[[ Data to process open ]]

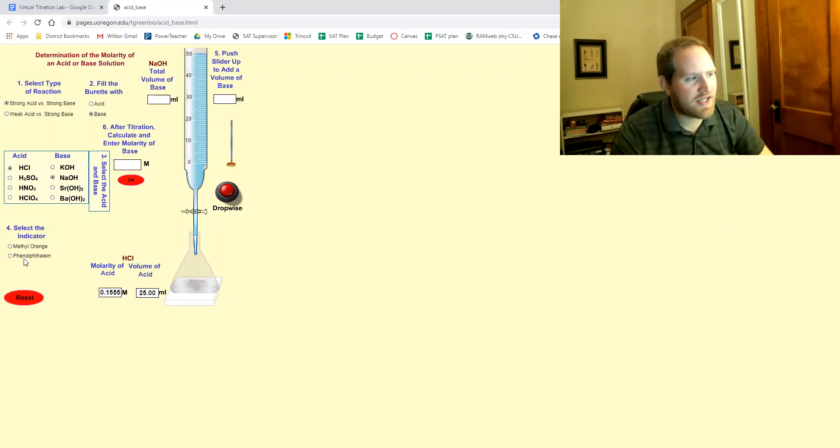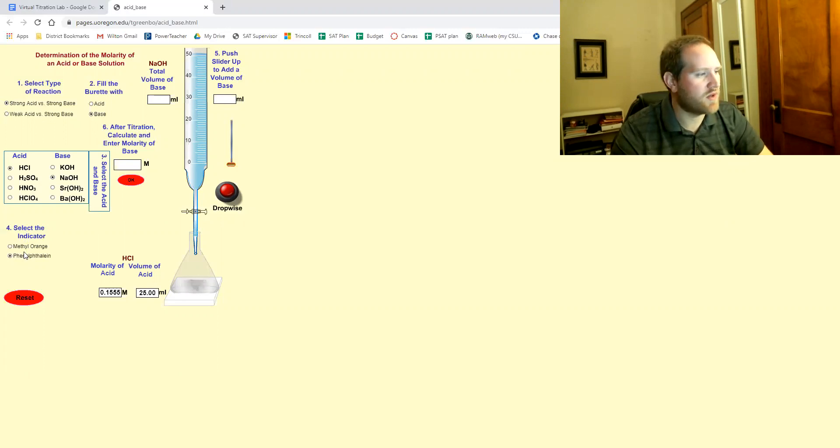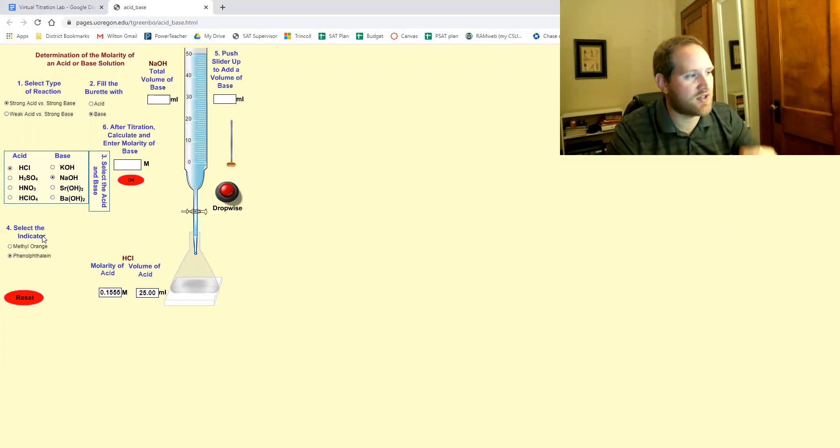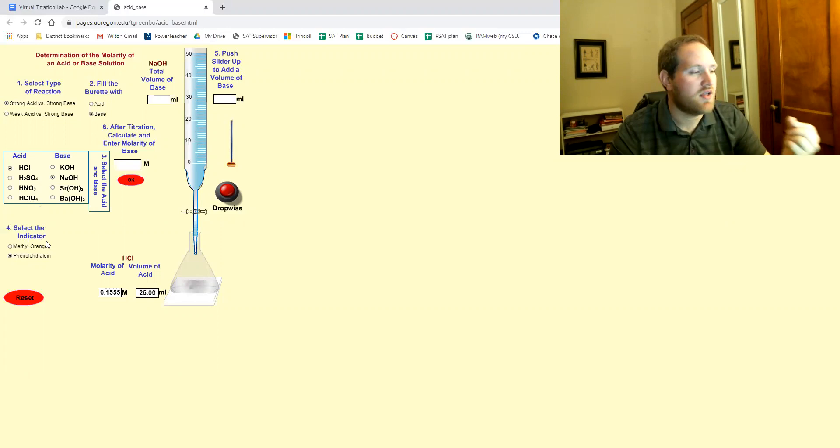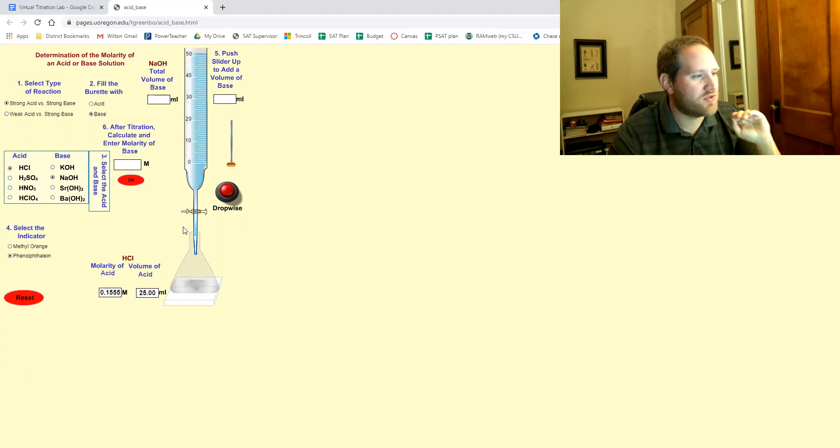For an indicator we're gonna use phenolphthalein. This is the one that's clear in acid and it's that hot pink color in base. So with those four settings we're ready to go.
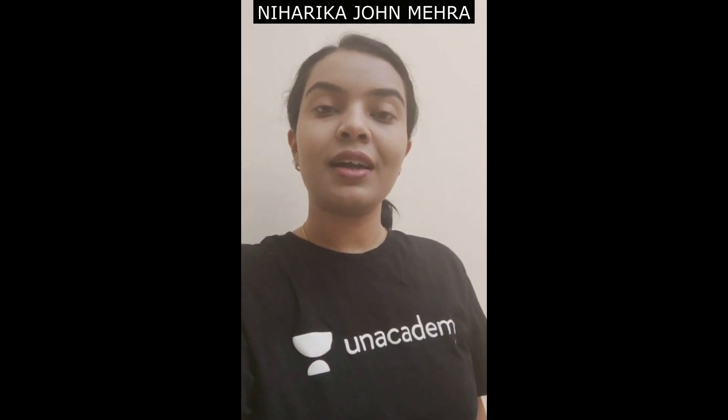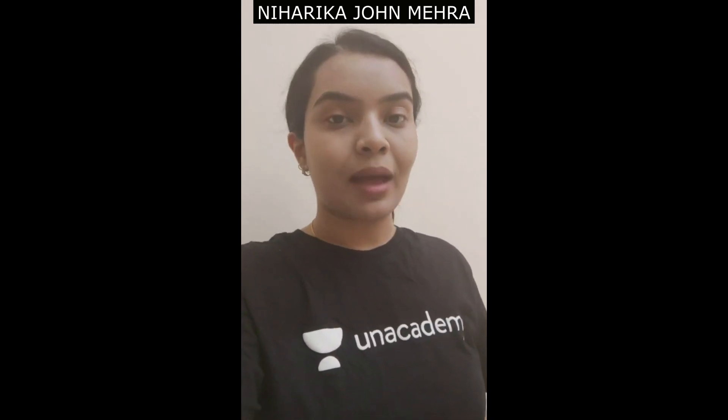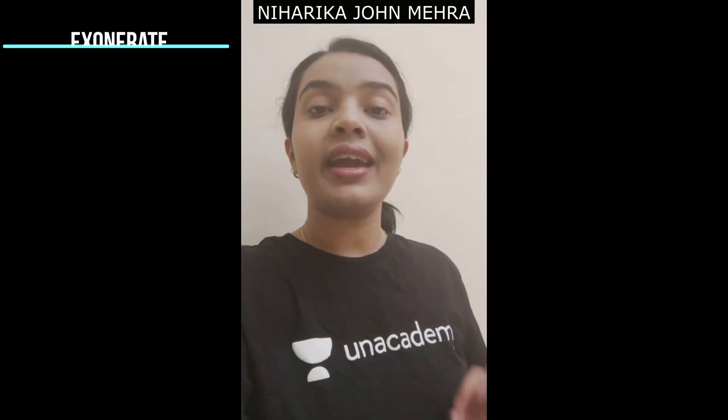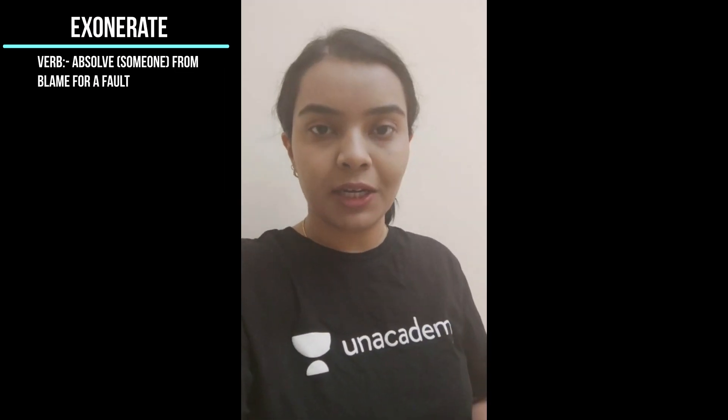Hello everyone, I am Niharika John Mehra. Welcome to Daily Vocab Doze. And today's word is exonerate.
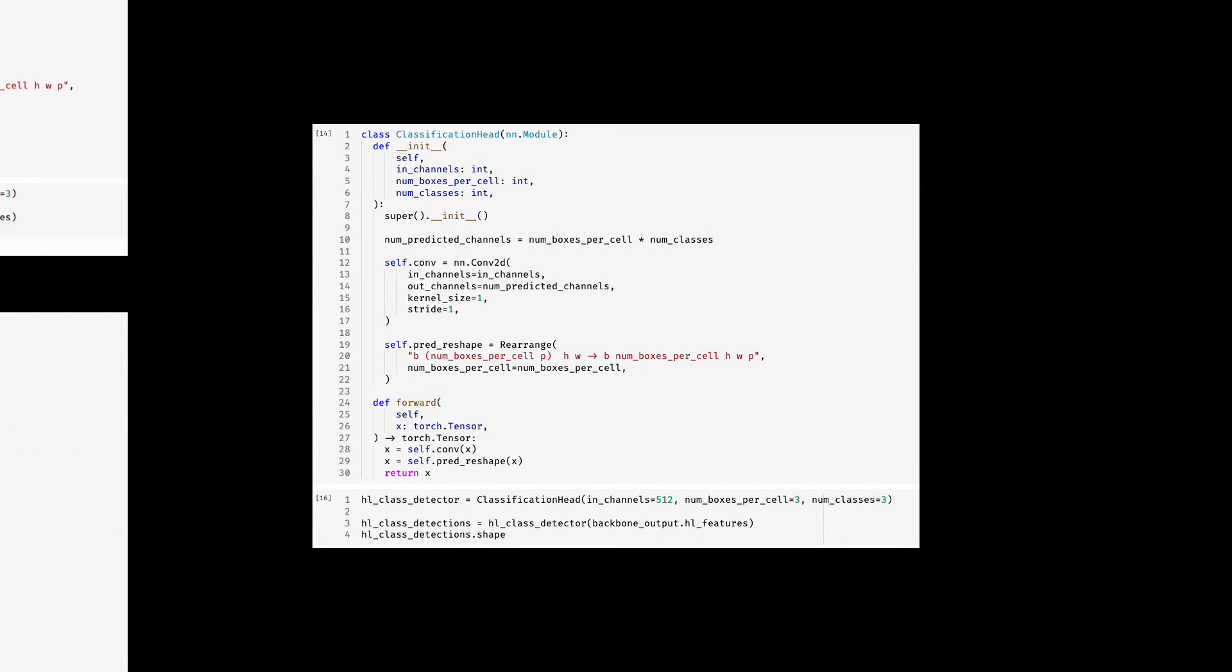And finally, for classification, it would take the number of classes as the input as well and thereby generate the corresponding number of channels.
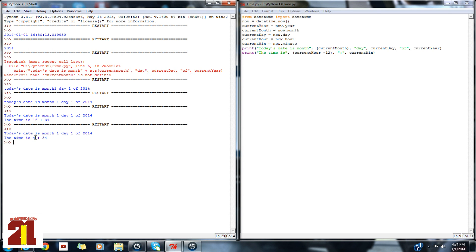So, there you go, guys. A time and date program for you guys. So I hope you guys learned something from this. So this is BobbyReskins21. See you guys for the next Python tutorial series. Thank you.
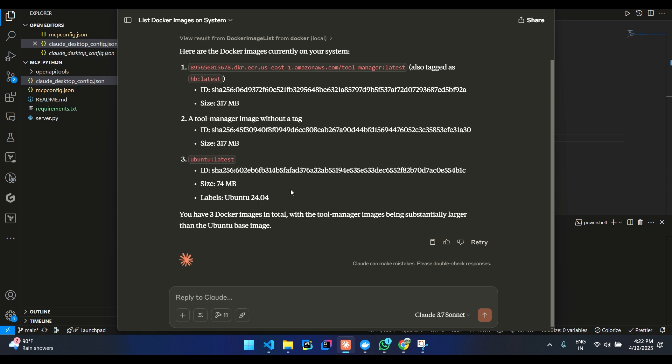So in this way, you can create custom MCP servers for your own API servers or for third party applications as well within minutes. Thank you.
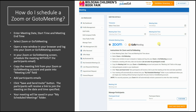Before you go any further, open up a new window in your browser and log in to your Zoom or GoToMeeting account. In your Zoom or GoToMeeting screen, schedule the meeting without the participant's email. Then copy the meeting link from your Zoom or GoToMeeting account and paste it into the meeting link field.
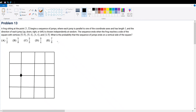AMC 10A 2020 Problem 13. A frog sitting at the point (1,2) begins a sequence of jumps where each jump is parallel to one of the coordinate axes and has length 1, and the direction of each jump — up, down, left, or right — is chosen independently at random. The sequence ends when the frog reaches the side of the square with vertices (0,0), (0,4), (4,4), and (4,0). What is the probability that the sequence of jumps ends on a vertical side of the square?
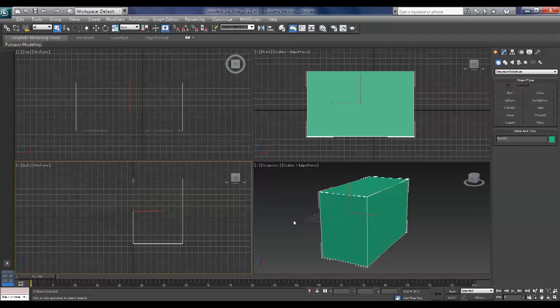Now that's our rundown through the viewports. Hope you join me next time where we're going to have a look at the animation controls.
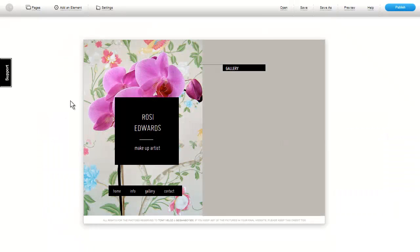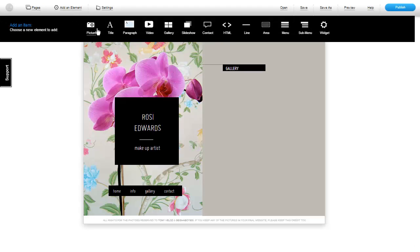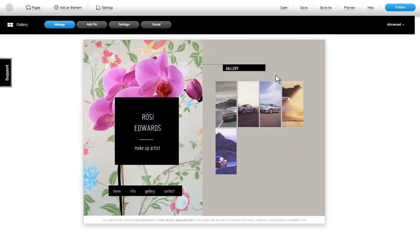You can add multiple pictures to your site and display them in a gallery format. To add a gallery, click on Add an Element, then click on Gallery. A generic gallery will appear.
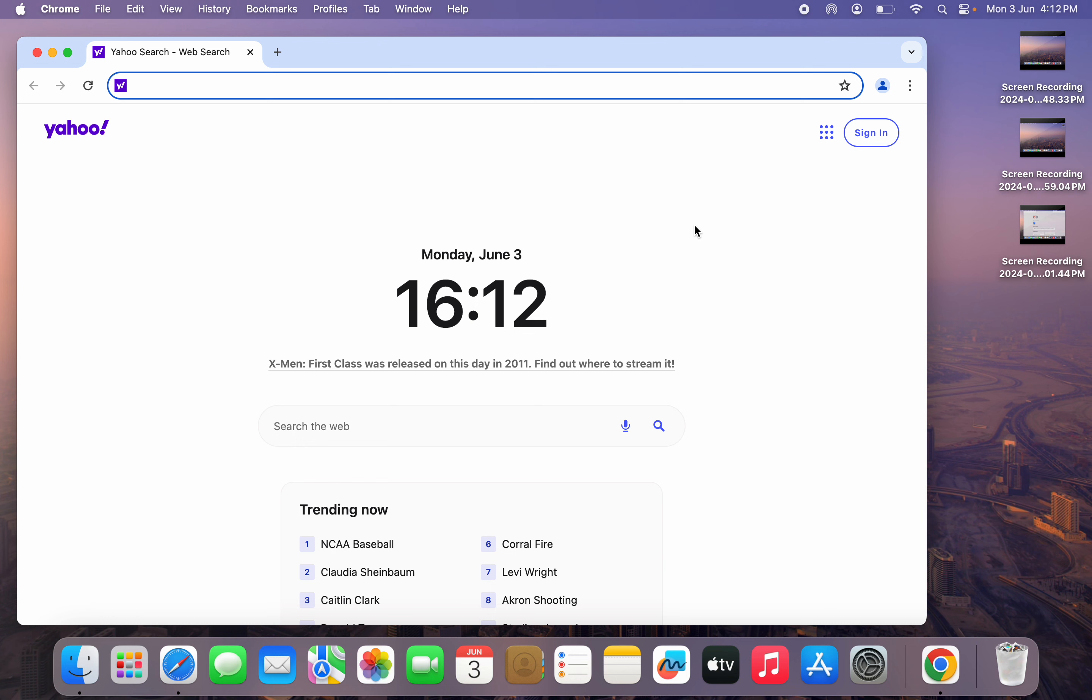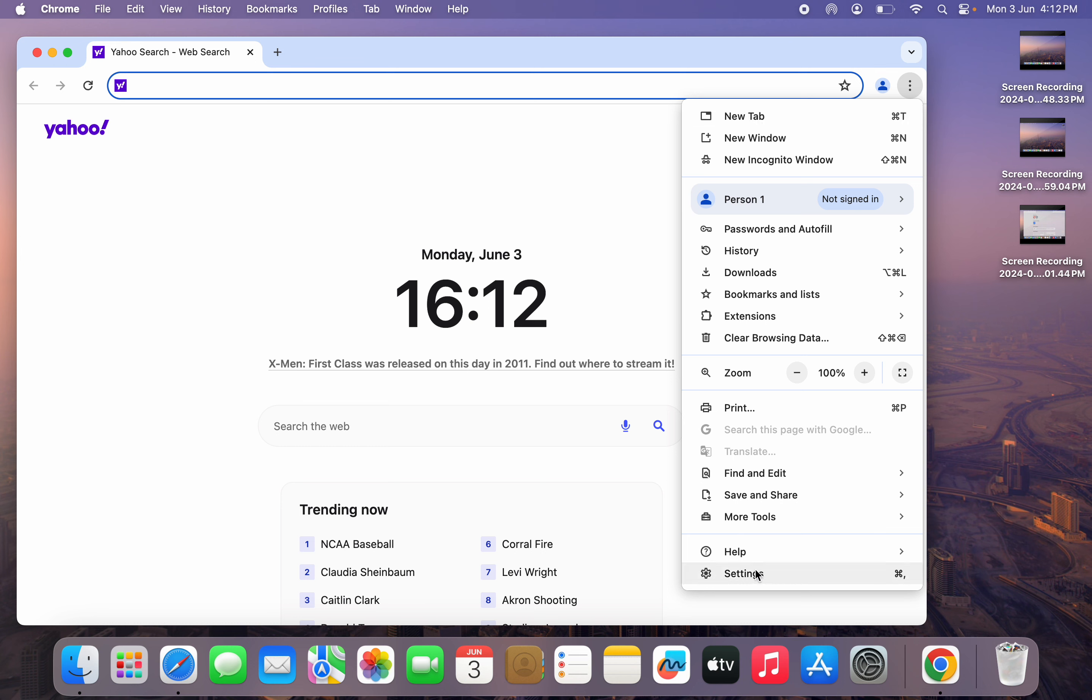Just open up your Google Chrome and click on the three dots right here. Once you click on these three dots, click on settings.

[[ Data to process closed ]]

■ Exercise instructions ■
Above are some records. Reproduce the lines from the one with "And finally, for" down to the one with "Before you go", keeping both, and leave every picture out.

■ Task answer ■
And finally, for classification, it would take the number of classes as the input as well and thereby generate the corresponding number of channels.
So, there you go, guys. A time and date program for you guys. So I hope you guys learned something from this. So this is BobbyReskins21. See you guys for the next Python tutorial series. Thank you.
So in this way, you can create custom MCP servers for your own API servers or for third party applications as well within minutes. Thank you.
Before you go any further, open up a new window in your browser and log in to your Zoom or GoToMeeting account. In your Zoom or GoToMeeting screen, schedule the meeting without the participant's email. Then copy the meeting link from your Zoom or GoToMeeting account and paste it into the meeting link field.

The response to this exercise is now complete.